No pictures in the copy, please: retype all the records exactly.

• • • • •

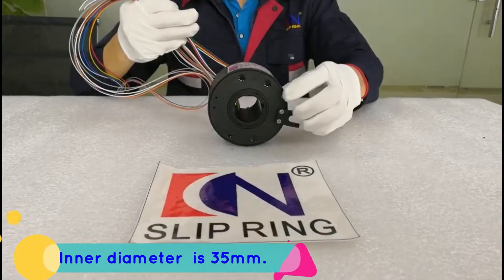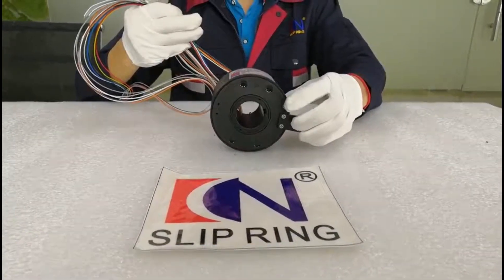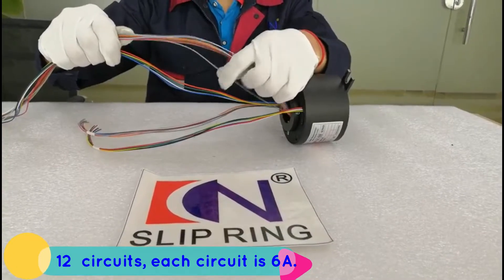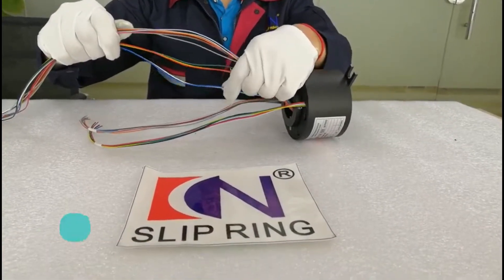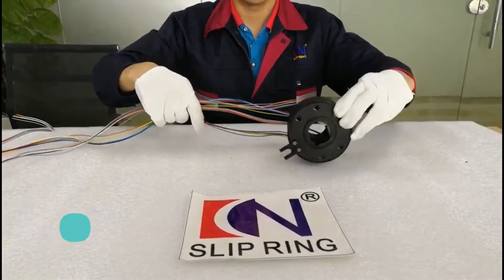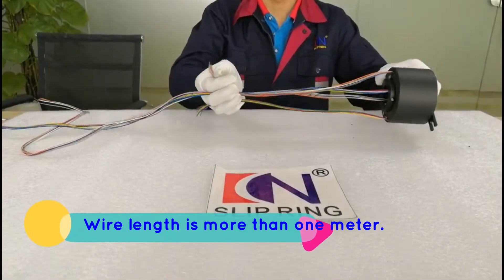The inner diameter of the slip ring is 35 mm. There are 12 circuits, and each circuit is 6 ampere. The outgoing wires are on the same side rather than the regular design, and the wire length is more than 1 meter.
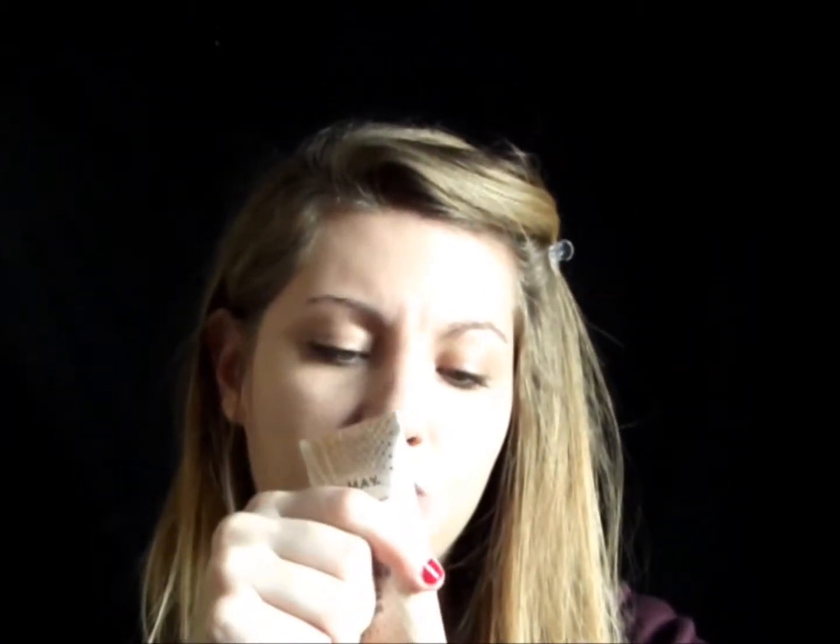I did the same thing as I did with the BB cream — just put it on my palm. If you see my review video, it does come out white, but it blends out.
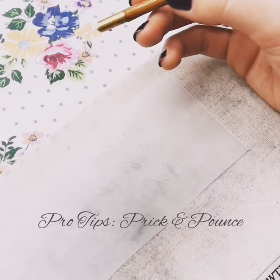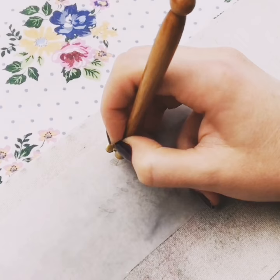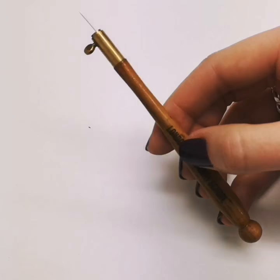Prick and Pounce is the traditional method of transferring a design onto fabric for embroidery. It uses a pricker, usually a small needle loaded into a handle. We use our tambour handles as they're very comfortable to hold.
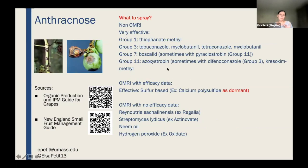For anthracnose there are many different products in different groups for conventional production. I encourage you to rotate your fungicides between groups to avoid developing resistance. For organic production, there aren't as many options — sulfur-based products are considered effective but mainly as a dormant spray, and we're past that timing now. For anthracnose it's difficult if you're doing organic. There are many registered organic products with no efficacy data — they might be worth trying if you're willing to take risks, but more research is needed.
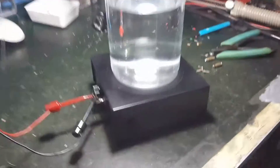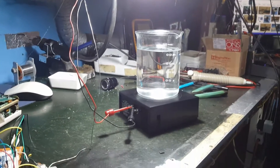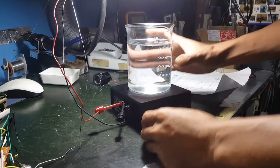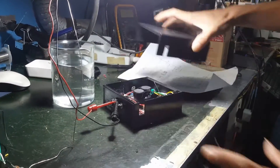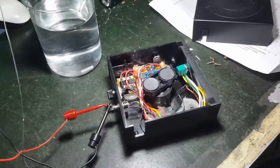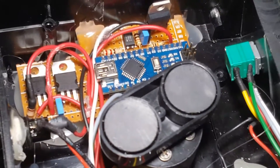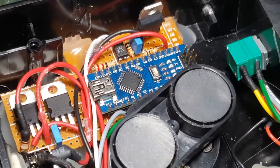So I can show what is inside — we replaced the circuit. I'm not bound by the original restriction. This is the replacement circuit; you can replace it with any Arduino. We used an Arduino Nano.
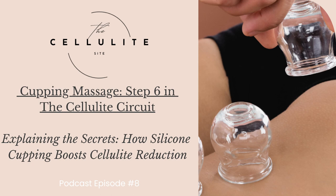You are listening to the Cellulite Site Podcast, episode number eight, step six in the cellulite circuit: explaining the secrets of how silicone cupping boosts cellulite reduction.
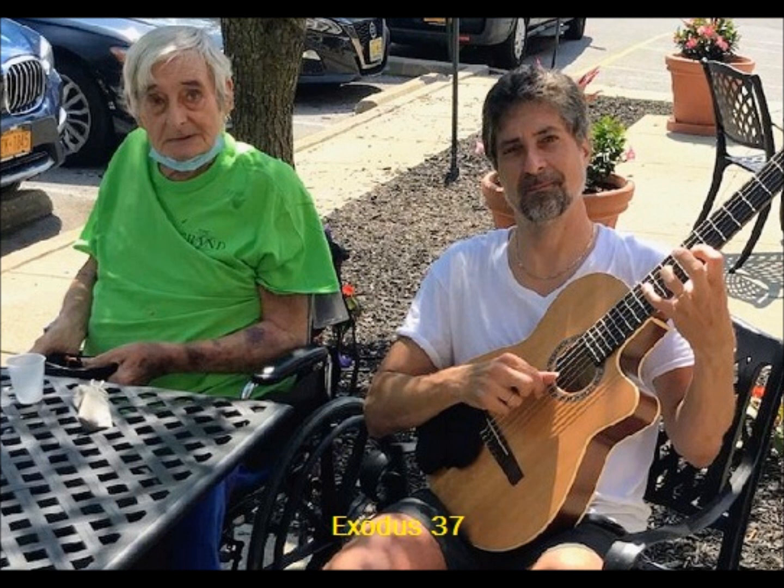He made the table of acacia wood. Two cubits was its length, a cubit its width, and a cubit and a half its height. He overlaid it with pure gold and made a moulding of gold all around it. He also made a frame of a handbreadth all around it and made a moulding of gold for the frame all around it. He cast for it four rings of gold and put the rings on the four corners at its four legs, close to the frame as holders for the poles to bear the table. He made the poles of acacia wood, overlaid them with gold. He made of pure gold the utensils on the table: its dishes, its cups, its bowls, and its pitchers for pouring.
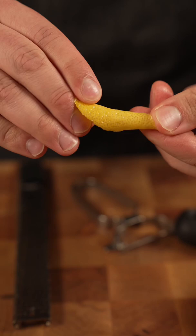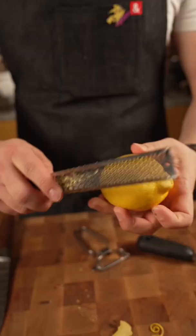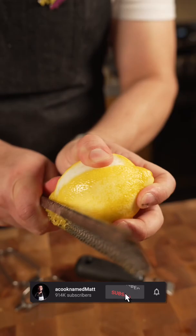This right here is called a microplane, and the way I would suggest zesting a lemon — I wouldn't do it like this. I would prefer to just go all the way around the lemon so we get all the zest, just like that. That long motion.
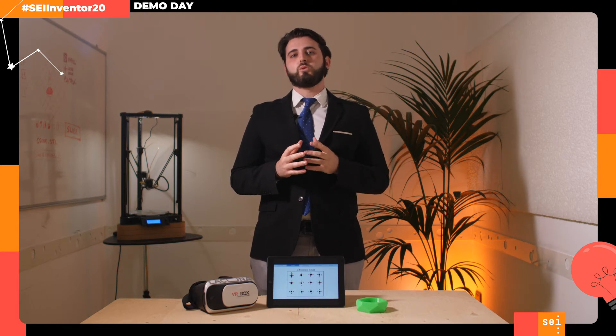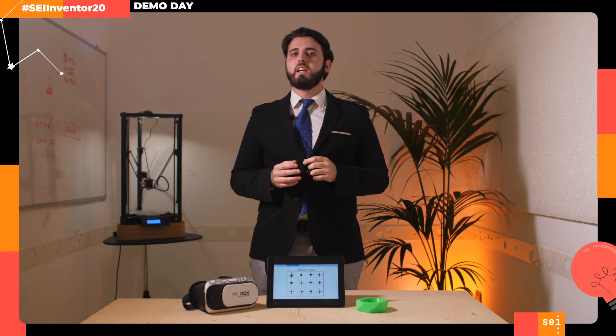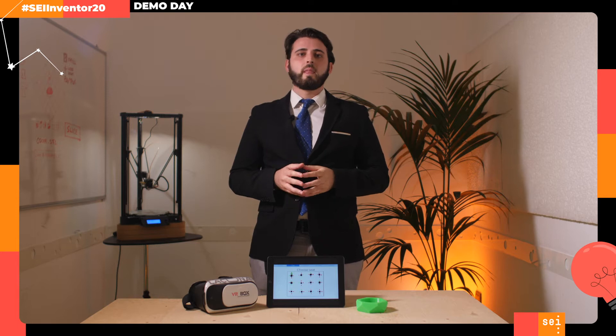Hi, we are the Lacuna team and we decided to face the problem of the isolation felt by students due to the distance learning, designing the first multisensory platform for online classes. Let me show you how it works.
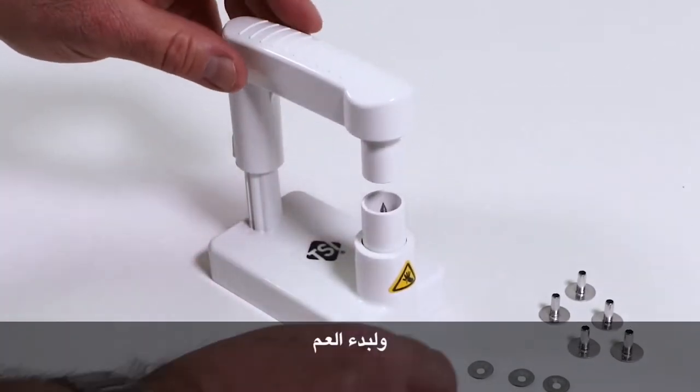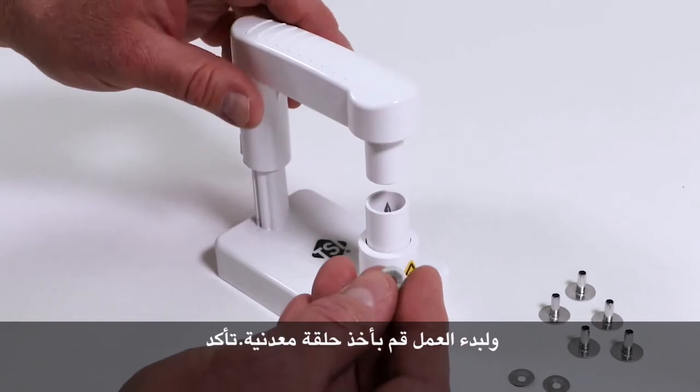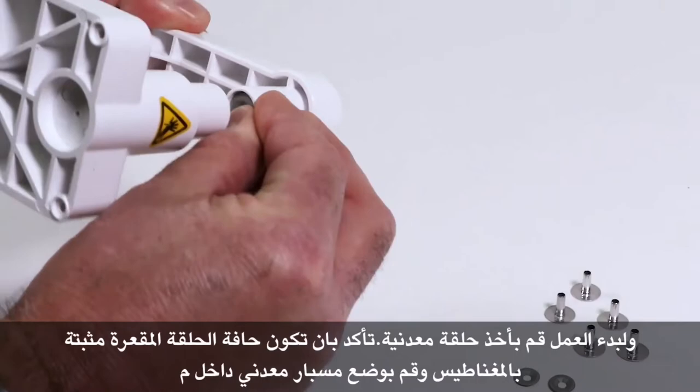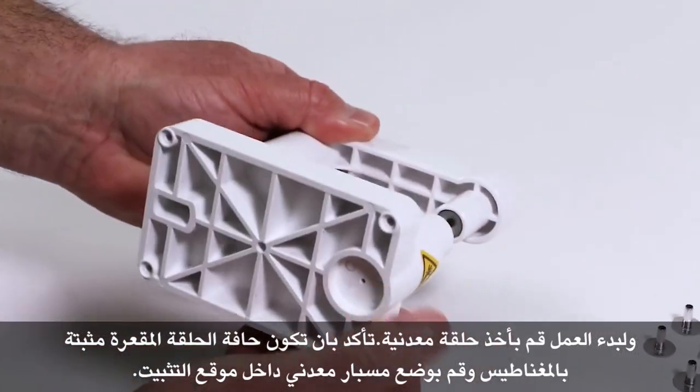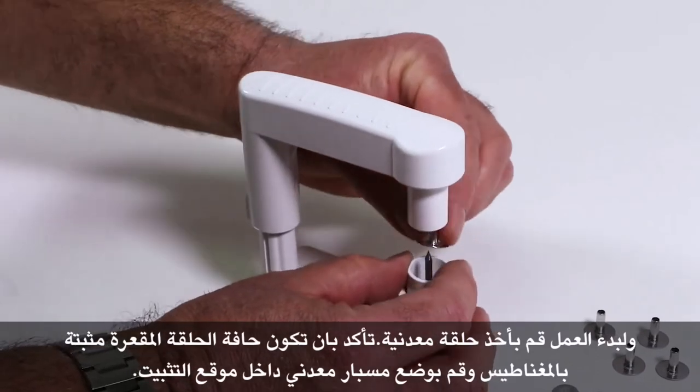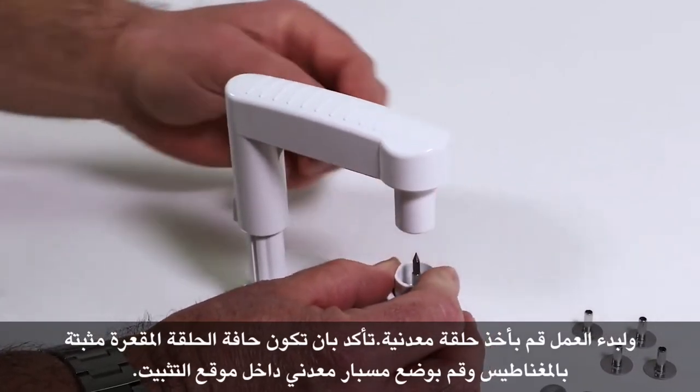To properly set up, we're going to take one of the push nuts and make sure that the concave edge of the push nut is facing toward the magnet. We're then going to put a probe onto the piercing tool.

• • • • •

**Solved problem:**
The inner diameter of the slip ring is 35 mm. There are 12 circuits, and each circuit is 6 ampere. The outgoing wires are on the same side rather than the regular design, and the wire length is more than 1 meter.
I did the same thing as I did with the BB cream — just put it on my palm. If you see my review video, it does come out white, but it blends out.
Prick and Pounce is the traditional method of transferring a design onto fabric for embroidery. It uses a pricker, usually a small needle loaded into a handle. We use our tambour handles as they're very comfortable to hold.
For anthracnose there are many different products in different groups for conventional production. I encourage you to rotate your fungicides between groups to avoid developing resistance. For organic production, there aren't as many options — sulfur-based products are considered effective but mainly as a dormant spray, and we're past that timing now. For anthracnose it's difficult if you're doing organic. There are many registered organic products with no efficacy data — they might be worth trying if you're willing to take risks, but more research is needed.
So I can show what is inside — we replaced the circuit. I'm not bound by the original restriction. This is the replacement circuit; you can replace it with any Arduino. We used an Arduino Nano.
You are listening to the Cellulite Site Podcast, episode number eight, step six in the cellulite circuit: explaining the secrets of how silicone cupping boosts cellulite reduction.
He made the table of acacia wood. Two cubits was its length, a cubit its width, and a cubit and a half its height. He overlaid it with pure gold and made a moulding of gold all around it. He also made a frame of a handbreadth all around it and made a moulding of gold for the frame all around it. He cast for it four rings of gold and put the rings on the four corners at its four legs, close to the frame as holders for the poles to bear the table. He made the poles of acacia wood, overlaid them with gold. He made of pure gold the utensils on the table: its dishes, its cups, its bowls, and its pitchers for pouring.
This right here is called a microplane, and the way I would suggest zesting a lemon — I wouldn't do it like this. I would prefer to just go all the way around the lemon so we get all the zest, just like that. That long motion.
Hi, we are the Lacuna team and we decided to face the problem of the isolation felt by students due to the distance learning, designing the first multisensory platform for online classes. Let me show you how it works.
To properly set up, we're going to take one of the push nuts and make sure that the concave edge of the push nut is facing toward the magnet. We're then going to put a probe onto the piercing tool.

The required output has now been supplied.